I don't want to lose our marriage, I still love him with all my heart. I don't need this extra stress though either. I am afraid that once I have this baby, he will divorce me and I will have to move back to the states and try to find a place to live, a job, and try to figure out custody of our child while he is still in Italy for 2 more years. 
He said we should go to counseling, but he won't even talk to me about anything. I feel like we shouldn't be in this situation yet, since we have only been together for four months now. I feel like he is just giving up on us too soon. What's worse is I don't have anyone to talk to about this. My parents and friends were already warning me about moving out of the country with him, I can't tell them what's going on without the "I told you so". I need help, every time I bring it up to him, he always puts the blame on me, he never takes responsibility for anything. 
He is a good guy, and when things were good, I swear I was in a fairy tale. I just want that feeling back. 
Any suggestions on what to do?


----------



## Syrum (Feb 22, 2011)

What he is doing is not Ok at all. How dare he treat you like that. 


If he is on the computer all the time, is there another woman? His treatment of you is really very odd.

You deserve to feel loved and wanted. No life isn't going to be like a fairy tale, but both people if they really love each other, will put each other first and put a big effort into the relationship.

Honestly despite being pregnant i think you should leave. You don't have to be lonely and alone in a marriage and treated like rubbish. You should go to your family and let them help you through this. Don't spend one more day allowing him to treat you this way.


----------



## magnoliagal (Mar 30, 2011)

I think you should leave too if for not for you for your baby. You and your baby deserve to be happy, loved, pampered, all of it. I know you don't want to hear I told you so's from your family but in the end won't they care for you anyway?

Go home and let them love you. You certainly aren't being loved where you are.


----------



## Jamison (Feb 10, 2011)

He has point blank told you that if you weren't pregnant he would leave you. What does that tell you? IMO he has already "left" you and the marriage. His body can remain in the home with you, but for all practical purposes, he has already checked out of the marriage.

He has said some hurtful and mean things to you. Do not kid yourself if you think this will get better. Your best bet is to get out now. Move back to where you were before you moved with him. You need to be around family/friends and have some kind of support.


----------



## SadieBrown (Mar 16, 2011)

Jamison said:


> He has point blank told you that if you weren't pregnant he would leave you. What does that tell you? IMO he has already "left" you and the marriage. His body can remain in the home with you, but for all practical purposes, he has already checked out of the marriage.
> 
> He has said some hurtful and mean things to you. Do not kid yourself if you think this will get better. Your best bet is to get out now. Move back to where you were before you moved with him. You need to be around family/friends and have some kind of support.

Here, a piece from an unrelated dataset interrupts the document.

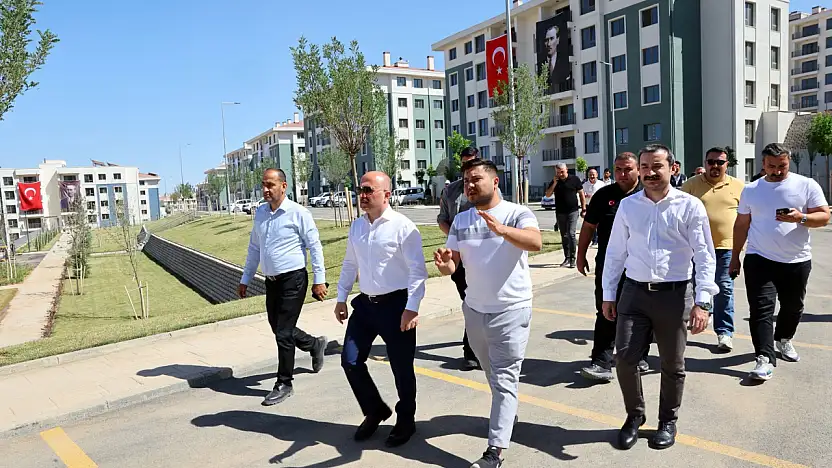 Vali Varol İndere kalıcı deprem konutlarında incelemelerde bulundu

:iagree::iagree::iagree::iagree::iagree:

When someone shows you who they are believe them!!!! 

He has already shown you what kind of person he is. He has said hurtful things to you. He has told you that if you were not pregnant he would leave you. What more do you need? 

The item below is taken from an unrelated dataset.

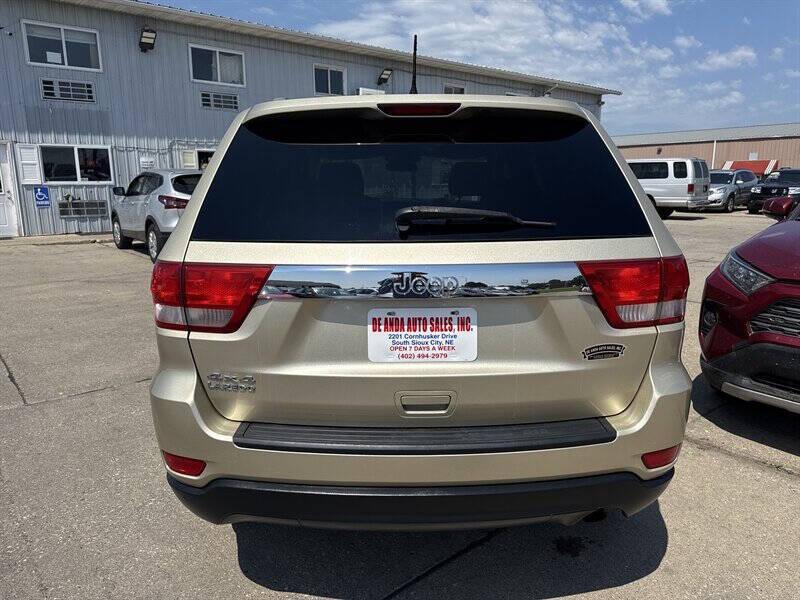 used 2011 Jeep Grand Cherokee car, priced at $11,900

Forget about the 'I told you so" you are scared of from your family. Hasn't you husband already said worse things to you? Call your family and talk to them about coming home. Get out now before it gets worse.


----------



## lisa3girls (Apr 6, 2011)

SadieBrown said:


> :iagree::iagree::iagree::iagree::iagree:
> 
> When someone shows you who they are believe them!!!!
> 
> ...



I agree too, do you have someplace to go at home?


----------



## mom2be (Apr 14, 2011)

It's really hard for me just to give up and leave. I feel like I should try and work things out with him. I am strongly against divorce, especially now that a baby is involved. I have my parents back home who would take me in, I just think that moving back and trying to cope with all this will put me in danger of a miscarriage. I am only 10 weeks along.
I'm wondering if he is just going through something, or someone is putting thoughts into his head that is making him treat me this way. It probably seems easy for anyone reading this to just pick up and leave, but it's not that simple for me. I sent his sister an email, hoping maybe he has told her something. I don't know....


----------



## SadieBrown (Mar 16, 2011)

mom2be said:


> It's really hard for me just to give up and leave. I feel like I should try and work things out with him. I am strongly against divorce, especially now that a baby is involved. I have my parents back home who would take me in, I just think that moving back and trying to cope with all this will put me in danger of a miscarriage.And what will staying in this situation do? It seems to me that being surrounded by people who love and care for you would be better for you and the baby than being with someone who treats you badly. I am only 10 weeks along.
> I'm wondering if he is just going through something, or someone is putting thoughts into his head that is making him treat me this way.Well you haven't really touched on this, but his behavior and what he has said to you about wishing you were not pregnant so he could leav, I would bet that the someone who is putting thoughts in his head is another woman. You were apart for a long time, he could easily have met someone else. It probably seems easy for anyone reading this to just pick up and leave, but it's not that simple for me.No, no one thinks it is simple to just pick up and leave, but it's not good to stay in a bad situation. By the time a lot of people get around to leaving their biggest regret is not the break up of the marriage - it is that they wasted so much time trying to fix something that couldn't be fixed. There are plenty of situations where I would advise a person to stay and try to work it out -but this man has told you he doesn't want to be married to you. What more do you need? I sent his sister an email, hoping maybe he has told her something. I don't know...Are you and his sister close and friends? Be careful involving his family, remember blood is thicker than water.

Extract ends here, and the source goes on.